Minggu, 28 April 2013

Saudara Bantai Saudara

    Tangis huru-hara agaknya tak pernah kering. Para mahasiswa yang baku hantam dengan aparat makin mencekam di jantung negeri. Bahkan dengan sesama pelajar yang menyandang predikat “maha.” Aduh, mesti darimana kita menjawab pertanyaan amat pelik tentang orang kita? Bahkan, Di Timur nusantara jua terjadi, orang-orang ribut-ribut soal tapal batas pedesaan.

    Di pagi buta, aku disambut miris begitu baca surat kabar. Terjadi di Indonesia Timur. Seperti yang kutulis diatas, warga desa Bikomi, NTT, pasang patok batas desa sembarang. Lantas warga desa Oe-Talus (Desa yang bersebalahan dengan Bikomi) jelas tak terima. Amarah membuncah, lalu saling hajar. Pukul ya balas pukul. Dendam memicu tragedi kian parah, hewan ternak milik warga Oe-Talus kena sabet sampai mati. Untung saja hanya hewan ternak yang mati. Bagaimana jika nanti leher orang yang kena sabet? Bukan pukul dibalas pukul, pasti darah dibalas darah.

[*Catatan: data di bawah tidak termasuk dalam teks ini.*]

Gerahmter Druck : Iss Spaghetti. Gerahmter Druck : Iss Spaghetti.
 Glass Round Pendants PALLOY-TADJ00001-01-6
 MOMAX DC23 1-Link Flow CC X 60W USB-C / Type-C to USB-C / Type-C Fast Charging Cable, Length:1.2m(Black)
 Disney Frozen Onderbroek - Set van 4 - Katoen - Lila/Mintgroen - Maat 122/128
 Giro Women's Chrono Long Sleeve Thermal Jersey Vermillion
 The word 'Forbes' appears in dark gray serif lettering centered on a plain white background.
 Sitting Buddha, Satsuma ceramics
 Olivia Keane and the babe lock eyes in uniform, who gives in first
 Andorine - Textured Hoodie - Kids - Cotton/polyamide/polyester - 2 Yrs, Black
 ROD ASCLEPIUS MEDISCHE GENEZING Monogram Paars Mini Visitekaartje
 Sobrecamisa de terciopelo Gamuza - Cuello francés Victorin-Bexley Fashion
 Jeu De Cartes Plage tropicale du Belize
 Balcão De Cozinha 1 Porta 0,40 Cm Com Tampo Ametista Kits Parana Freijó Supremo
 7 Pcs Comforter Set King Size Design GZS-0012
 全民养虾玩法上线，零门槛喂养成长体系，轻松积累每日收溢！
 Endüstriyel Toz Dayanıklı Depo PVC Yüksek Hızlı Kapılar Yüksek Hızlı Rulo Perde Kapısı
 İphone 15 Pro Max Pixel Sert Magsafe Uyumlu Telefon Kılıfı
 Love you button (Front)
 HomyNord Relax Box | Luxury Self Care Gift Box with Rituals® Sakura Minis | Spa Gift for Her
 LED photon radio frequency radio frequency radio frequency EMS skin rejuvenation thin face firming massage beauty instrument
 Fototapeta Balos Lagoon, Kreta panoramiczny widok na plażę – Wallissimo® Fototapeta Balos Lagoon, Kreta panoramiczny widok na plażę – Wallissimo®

    Atau ada peristiwa yang lebih parah. Kebetulan terjadi di tempat yang pernah kusinggahi, bahkan aku rindu ingin kesana. Sekitar empat bulan silam terjadi tragedi berdarah di Maluku. Warga desa Sepa, Maluku Tengah, kena sabet parang orang Hualoy. Tidak tanggung-tanggung, 5 orang kena bantai. Semuanya dari desa Sepa, tempat yang pernah kusambangi.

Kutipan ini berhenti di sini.